Bubu’s Birds & Burgers offers a variety of fried chicken and hamburgers.

Other adaptations to optimize quality during delivery include using extra-dense buns for the burgers at Bubu’s and using soft-scrambled eggs in the breakfast wraps at Brekkie. The lightly cooked eggs, placed between the fully cooked meat and the hash browns, continue to cook during transit so that they arrive firm but not overly dry, Greenspan said.

During the research and development process, all menu items are only sampled after they have been sitting wrapped for 30 minutes to better mimic the experience of customers.

“We don’t taste it right way, because no one is ever eating it that way,” Greenspan said.

Seaside’s, a Chicago-based delivery and take-out restaurant operated by Lettuce Entertain You Enterprises, also has created a menu of dishes that hold up to the challenges of delivery.

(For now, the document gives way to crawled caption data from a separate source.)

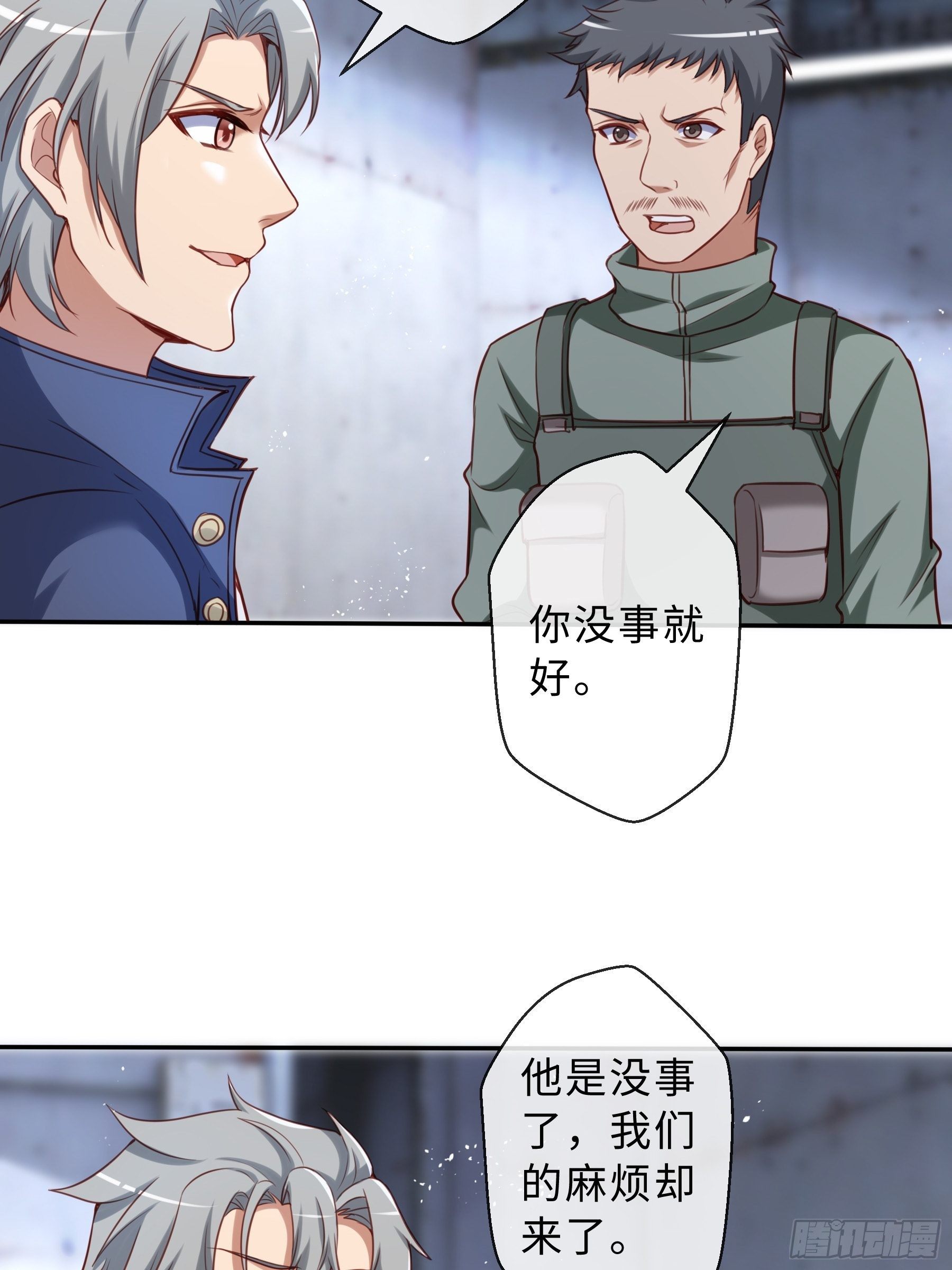 44 妖王-第46话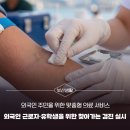 (주)한국외국인근로자지원센터 | 외국인 주민을 위한 맞춤형 의료 서비스! 외국인 근로자·유학생을 위한 찾아가는 검진 실시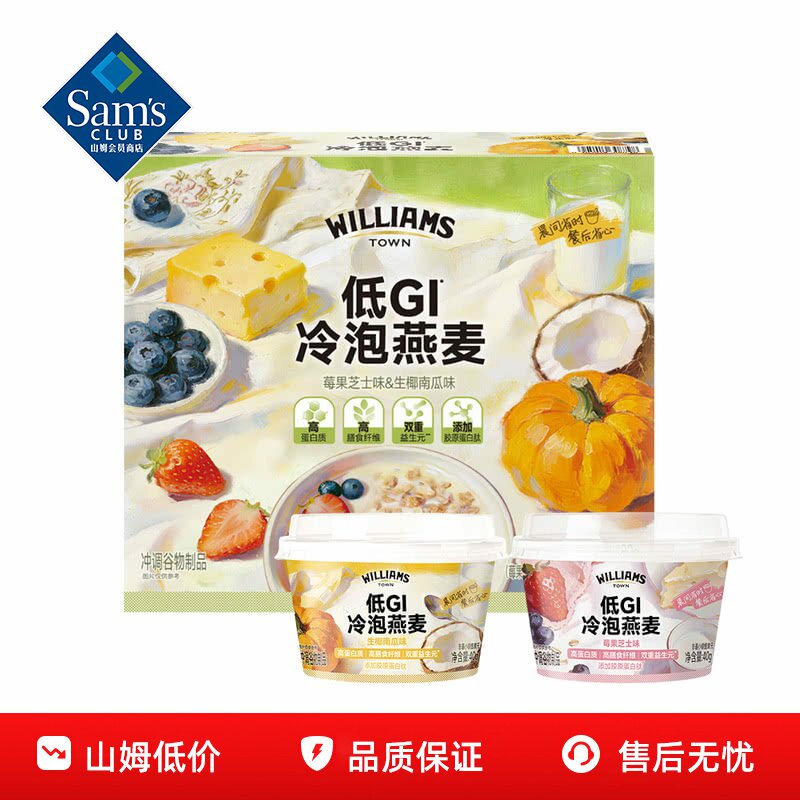 山姆低GI冷泡燕麦营养谷物早餐饱腹高膳食纤维正品会员超市代购
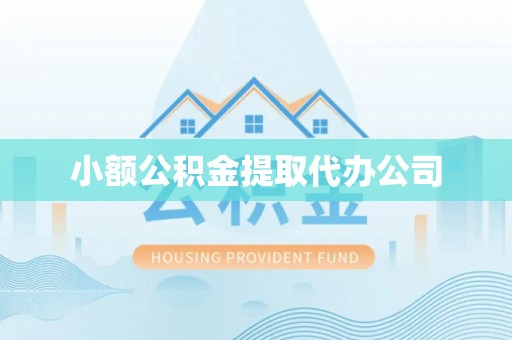 尉犁小额公积金提取代办公司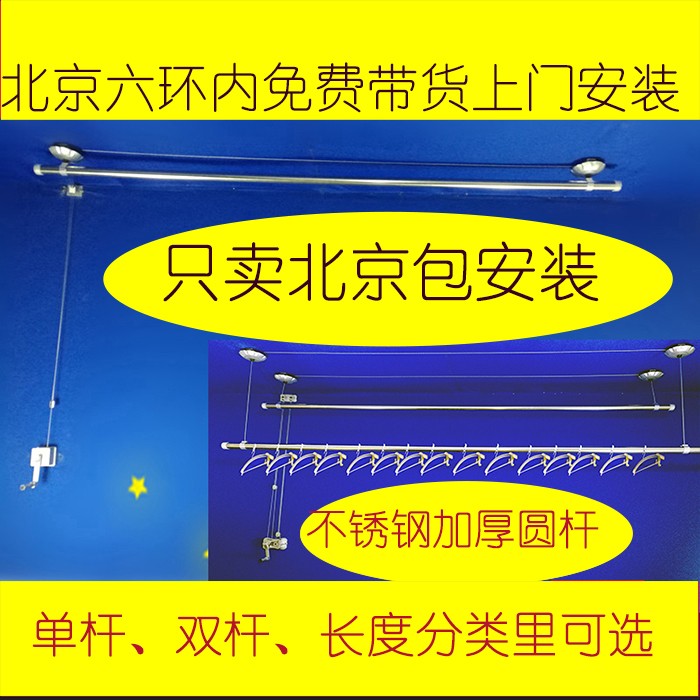 不锈钢单圆杆双圆杆阳台手摇升降晾衣架晒衣裤凉衣被杆北京包安装 收纳整理 置地/升降晾晒衣架 原图主图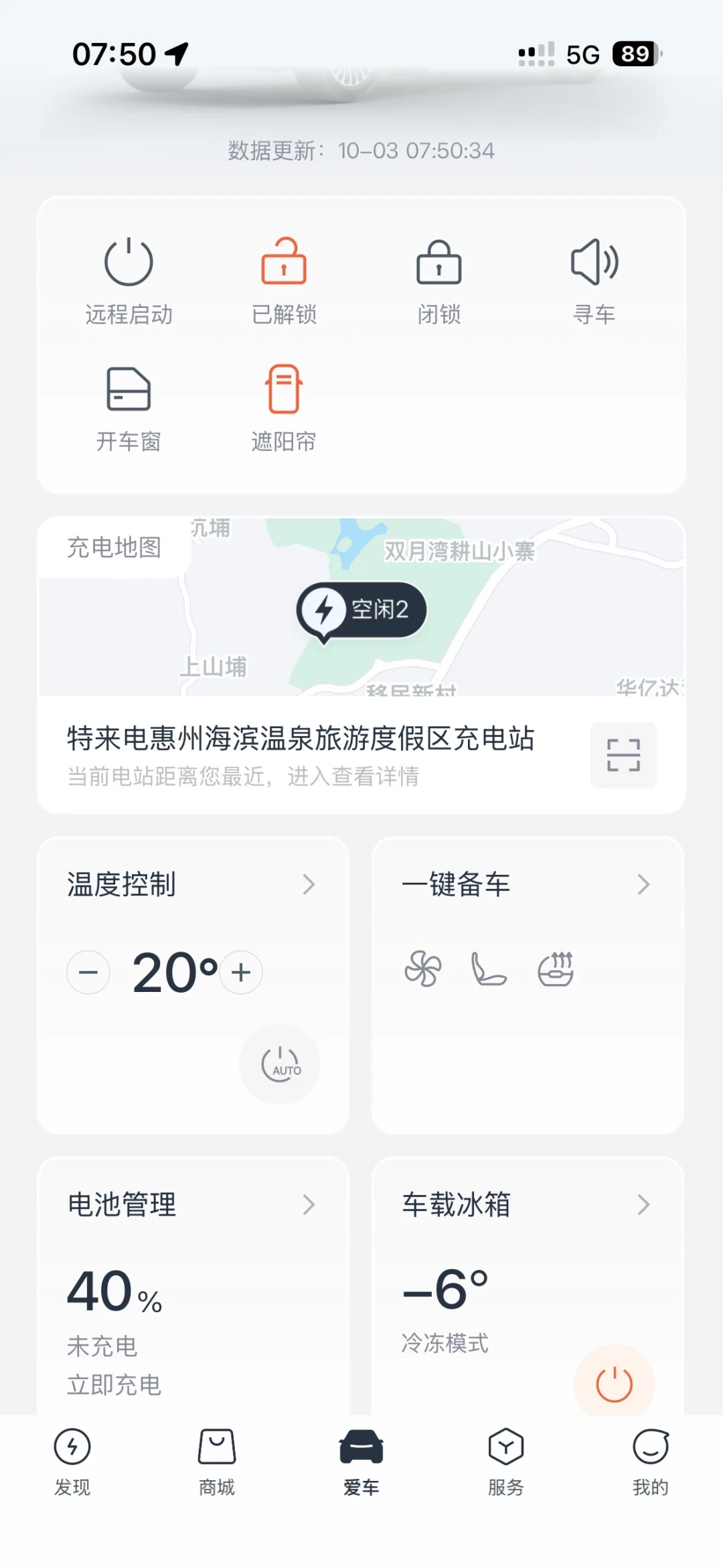 一晚掉电6%到42%:对完全网十几份车主实测,电车露营人先把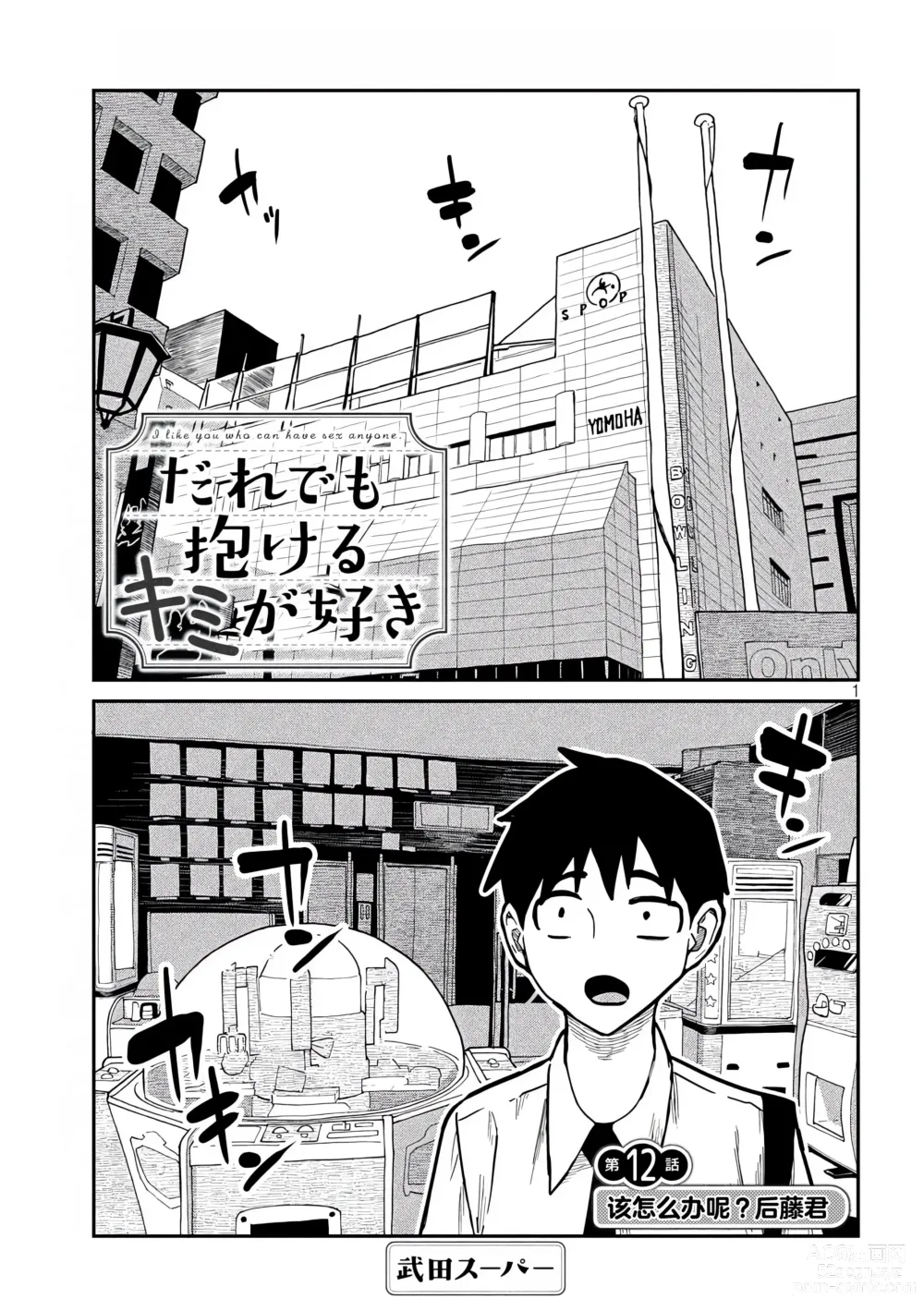 Page 203 of manga 喜欢来者不拒的你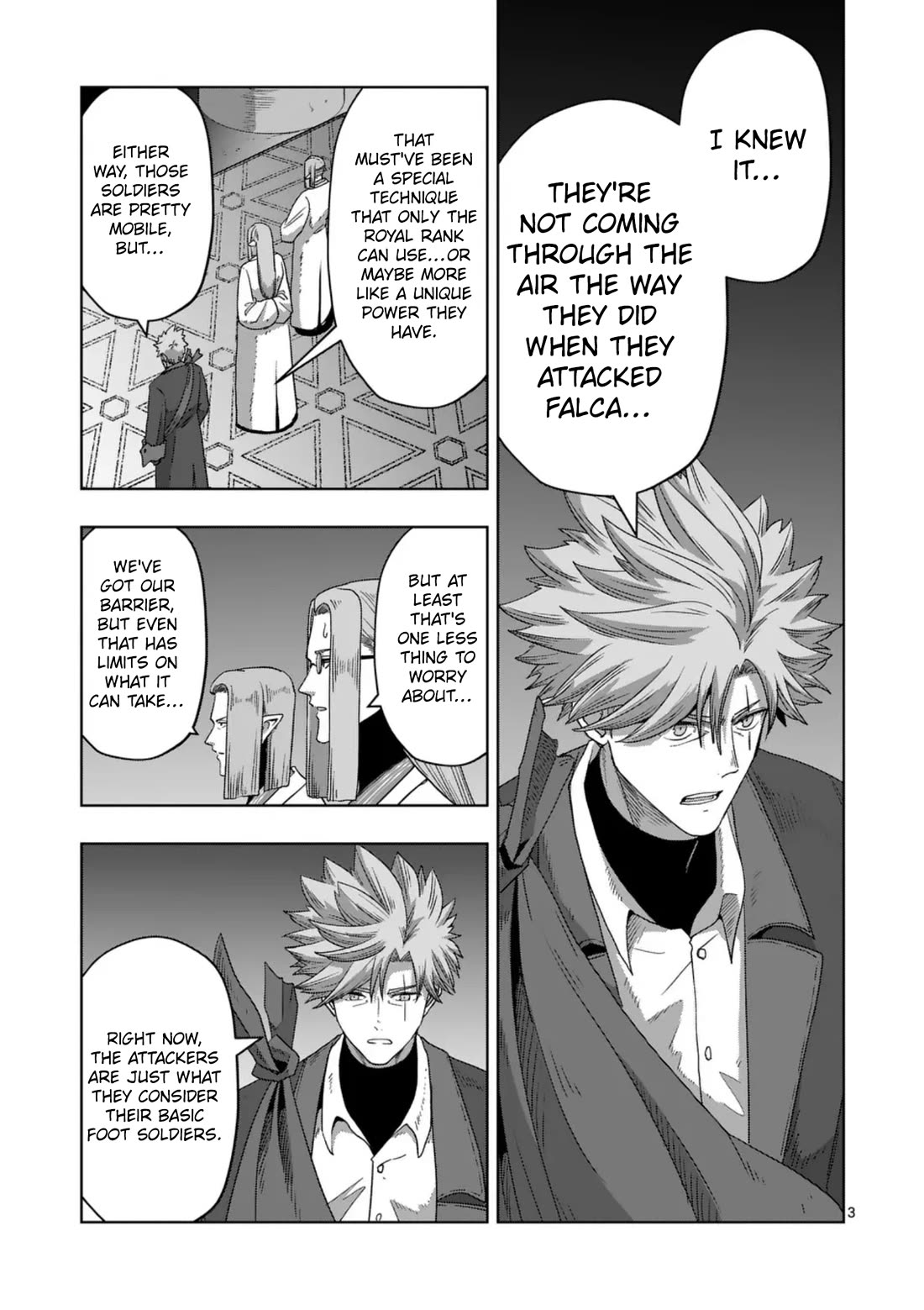 Verndio - Surreal Sword Saga Chapter 73 page 3 - Chapter 73: Siege of the holy city (1)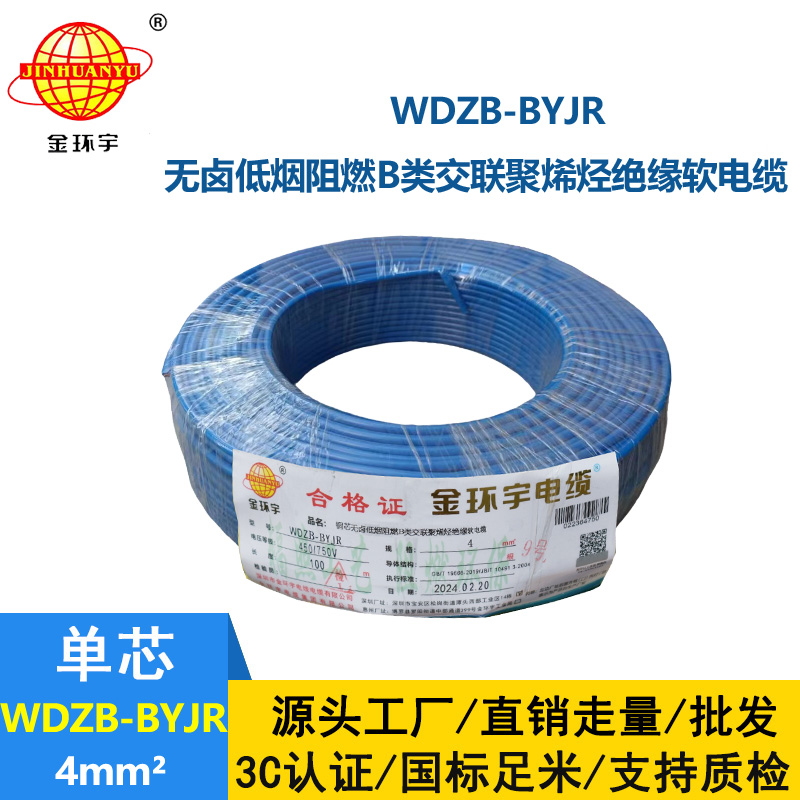 深圳金環(huán)宇 低煙無(wú)鹵阻燃電纜WDZB-BYJR 4平方 國(guó)標(biāo) 環(huán)保電線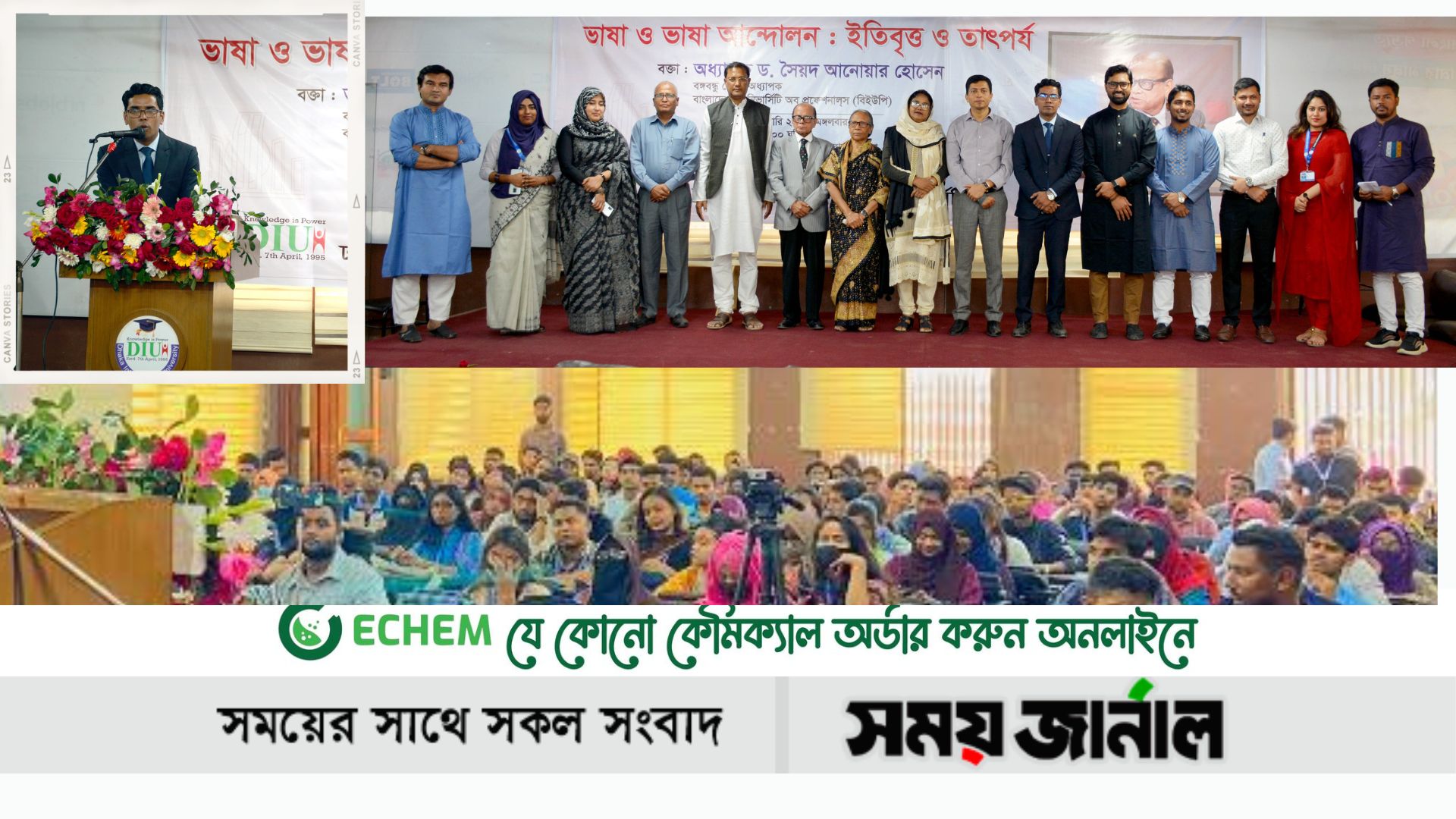 অনুষ্ঠিত হল ডিআইইউ সমাজবিজ্ঞান বিভাগের ভাষা আন্দোলন শীর্ষক সেমিনার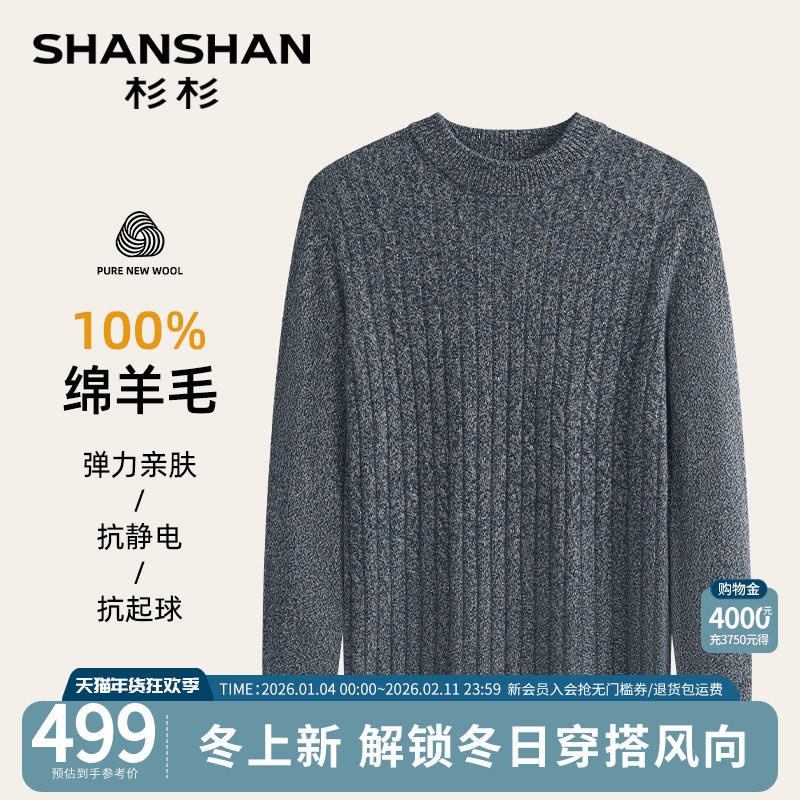 SHANSHAN杉杉男士羊毛衫2025秋季新款毛衣男款针织衫打底衫内搭男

“Some food is more delicate than others,” said Bill Nevruz, executive partner at Seaside’s. “Picking items that travel well first and building a delivery-only restaurant second was the strategy.”

He said the restaurant’s menu, which includes fried chicken, barbecued ribs and side dishes, holds up well to the rigors of delivery.

Not all of the items that Seaside’s considered made the cut, however. The restaurant had experimented with a whole steamed lobster, for example, but the dish was compromised by “carryover cooking” in transit, and the item was abandoned, Nevruz said.

Supplier innovation

French fries are one of the more challenging items to deliver, but suppliers are taking steps to help prevent soggy arrivals.

McCain, for example, recently introduced SureCrisp fries (pictured; photo by McCain), which feature a clear coating designed to maintain crispness after a 30-minute delivery.

“Consumers want takeout and delivery orders to be almost as good as the dine-in experience,” the company said in a statement.

McCain also offers a Takeout & Delivery Guide with information about off-premises consumption, product solutions, packaging tips, mobile ordering guidelines and promotional ideas.

Other French fry suppliers have also stepped up to the delivery plate. Lamb Weston last year introduced its “Crispy on Delivery” concept, which includes lightly battered fries designed to maintain heat and crispness for 30 minutes. The program also includes specially made containers engineered to keep fries warm while preventing condensation from building up in the packaging.

Likewise, Simplot offers clear-coated Simplot Infinity fries and batter-coated Simplot NaturalCrisp fries, both of which offer better heat and crunch retention than traditional fries, the company said on its website. Simplot also suggested using thicker-cut fries for delivery, and packaging them in vented paper containers, rather than in plastic or Styrofoam.